Work order — Print them exactly: the lines from the beginning of the entries below through the line that contains "Hailey - Women’s Retro Cotton Shirt Dress", and only those, with the pictures left out.

Records shown —
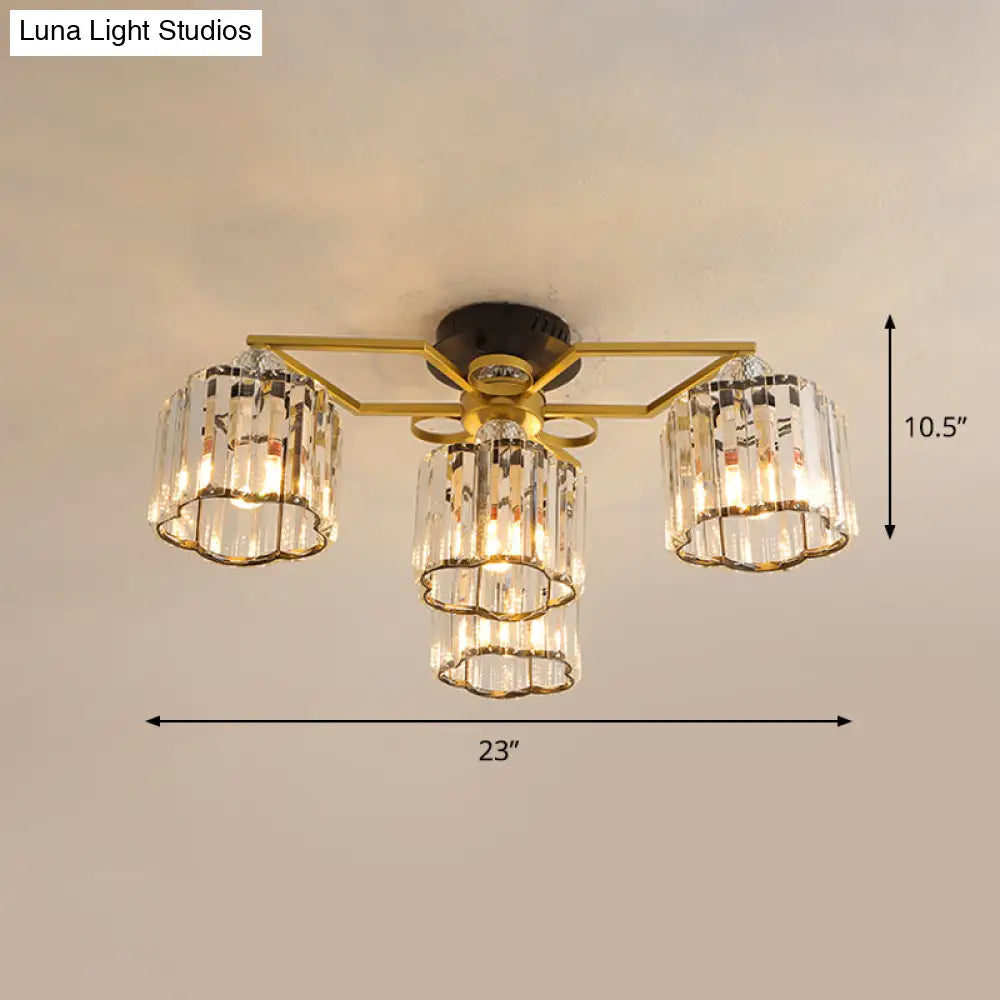 Gold Floral Cylinder Crystal Guest Room Semi Flush Ceiling Fixture (4/6/7-Light) - Minimalist Design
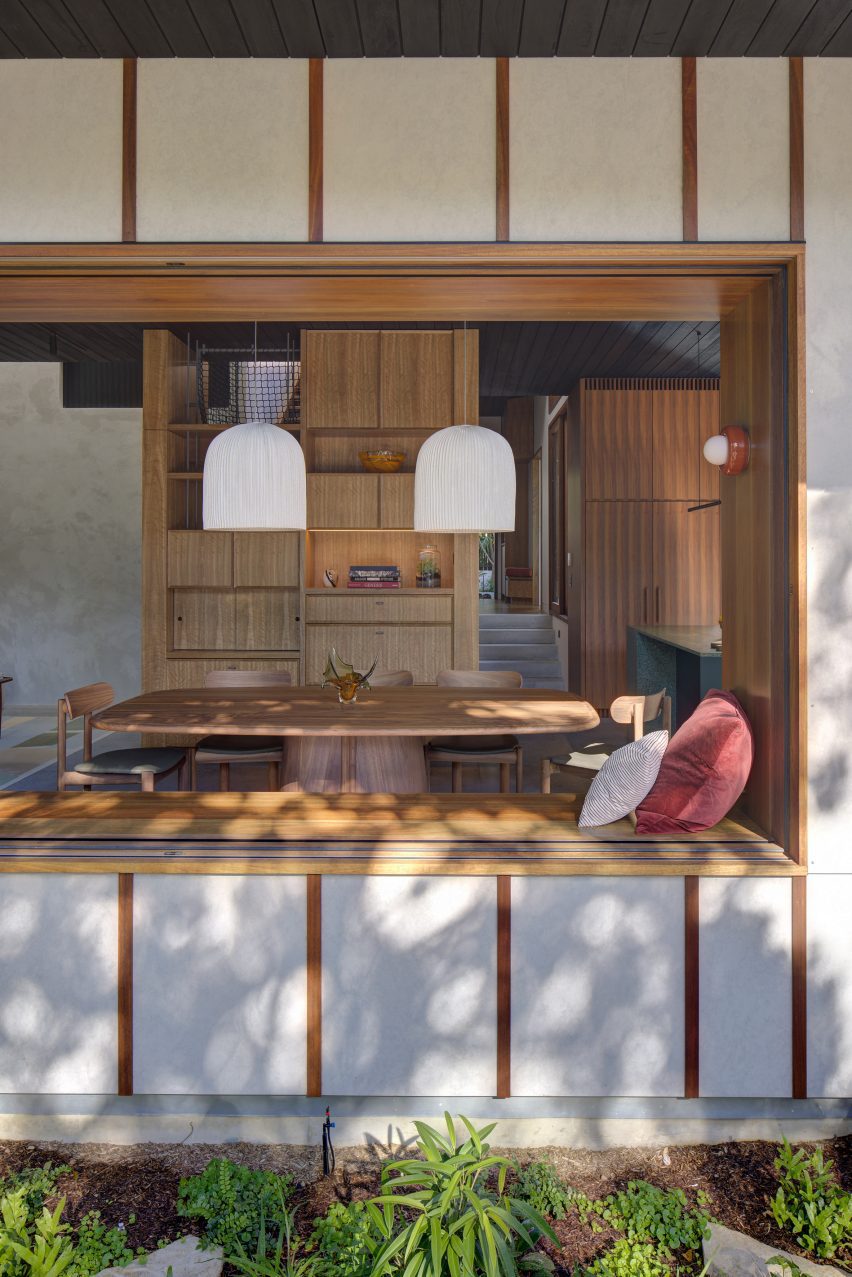 Kitchen with timber finishes and window seat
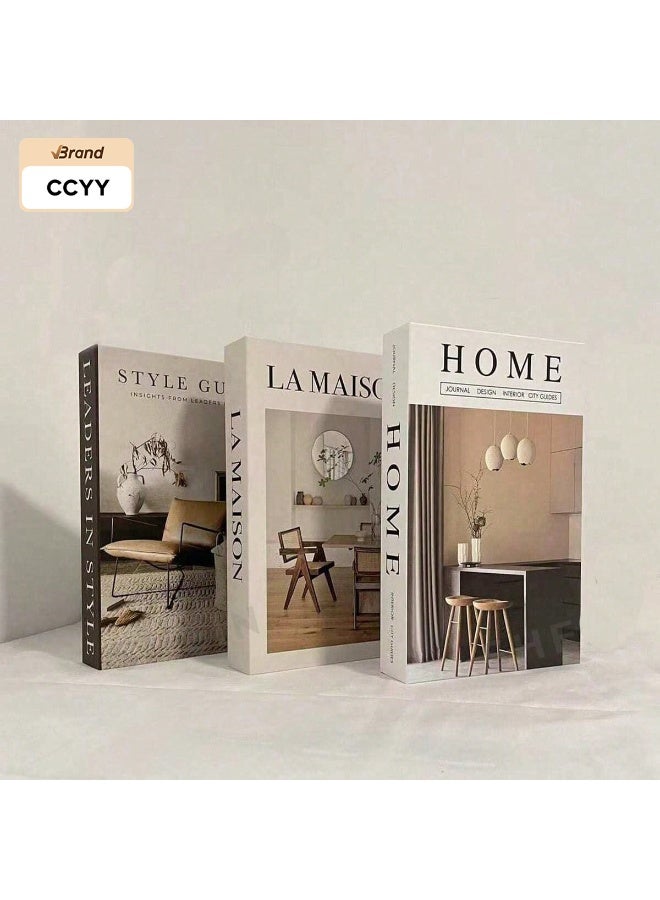  CCYY مجموعة كتب تزيينية وهمية (3 قطع) لديكور المنزل - كتب مجوفة لتزيين رف الكتب وطاولة القهوة والمجالس وغرف النوم - Image 1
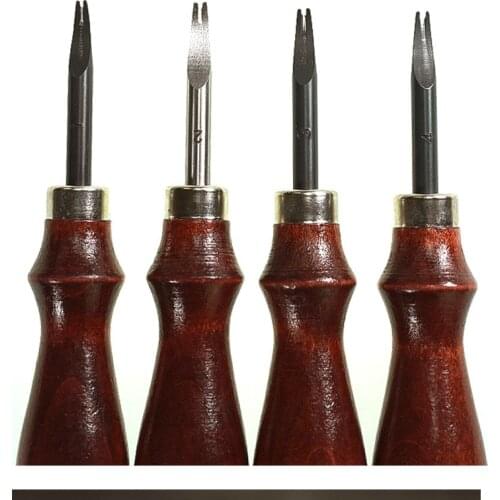 Sharpener handmade DIY vegetable tanned leather trimming wooden handle trimmer leather tool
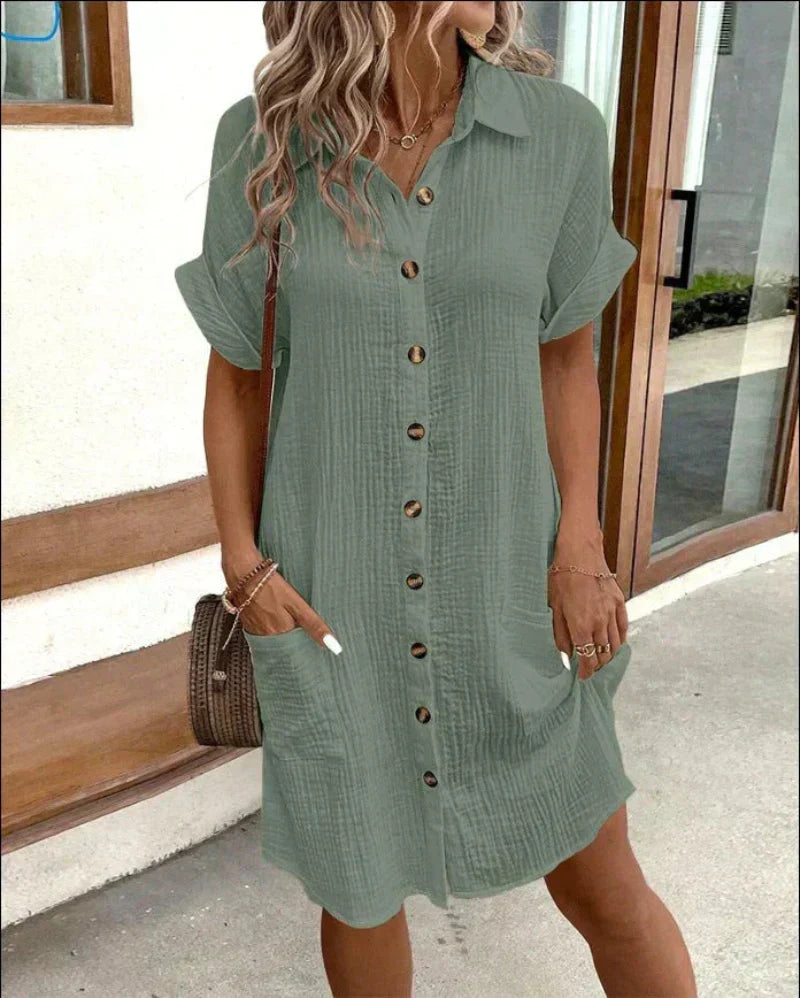 Hailey - Women’s Retro Cotton Shirt Dress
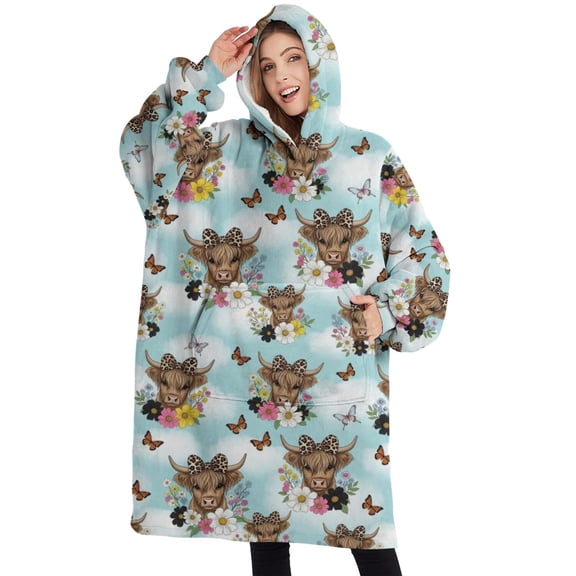 Oversized Wearable Blanket Hoodie,Blue Highland Cow Flower Butterfly Pattern Sherpa Blanket Hoodie with Super Pockets,Super Warm Fuzzy Pullover for Women & Men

Written response —
 Gold Floral Cylinder Crystal Guest Room Semi Flush Ceiling Fixture (4/6/7-Light) - Minimalist Design
 Kitchen with timber finishes and window seat
  CCYY مجموعة كتب تزيينية وهمية (3 قطع) لديكور المنزل - كتب مجوفة لتزيين رف الكتب وطاولة القهوة والمجالس وغرف النوم - Image 1
 Sharpener handmade DIY vegetable tanned leather trimming wooden handle trimmer leather tool
 Hailey - Women’s Retro Cotton Shirt Dress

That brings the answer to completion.